Problem requirements: Say how many lines in the listing contain the string "wood", giving the number alone.

* * * * * * *

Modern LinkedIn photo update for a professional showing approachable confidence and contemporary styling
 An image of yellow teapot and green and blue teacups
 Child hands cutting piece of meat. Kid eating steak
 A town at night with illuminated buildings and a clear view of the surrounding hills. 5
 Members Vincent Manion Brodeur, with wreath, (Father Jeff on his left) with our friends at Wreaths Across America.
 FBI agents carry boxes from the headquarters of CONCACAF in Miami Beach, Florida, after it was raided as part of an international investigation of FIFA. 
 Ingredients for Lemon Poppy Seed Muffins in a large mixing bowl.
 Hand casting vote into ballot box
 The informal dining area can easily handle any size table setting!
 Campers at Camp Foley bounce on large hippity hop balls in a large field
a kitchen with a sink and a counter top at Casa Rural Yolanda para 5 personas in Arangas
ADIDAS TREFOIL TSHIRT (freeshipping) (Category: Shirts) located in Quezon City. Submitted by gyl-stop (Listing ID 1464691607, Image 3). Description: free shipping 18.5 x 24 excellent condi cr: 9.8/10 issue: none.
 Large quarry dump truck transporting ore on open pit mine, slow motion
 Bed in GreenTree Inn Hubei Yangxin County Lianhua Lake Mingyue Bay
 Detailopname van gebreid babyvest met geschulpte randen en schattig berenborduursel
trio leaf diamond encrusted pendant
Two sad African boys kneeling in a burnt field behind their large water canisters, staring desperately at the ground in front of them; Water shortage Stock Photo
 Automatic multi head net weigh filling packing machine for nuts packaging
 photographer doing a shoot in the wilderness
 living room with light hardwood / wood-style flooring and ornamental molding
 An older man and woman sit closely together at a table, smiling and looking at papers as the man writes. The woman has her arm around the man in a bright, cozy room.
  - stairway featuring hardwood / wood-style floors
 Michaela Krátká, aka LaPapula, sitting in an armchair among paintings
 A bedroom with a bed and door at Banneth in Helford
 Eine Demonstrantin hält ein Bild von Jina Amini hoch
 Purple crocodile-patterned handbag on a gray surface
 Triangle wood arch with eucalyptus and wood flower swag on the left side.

* * * * * * *

The completed task: 3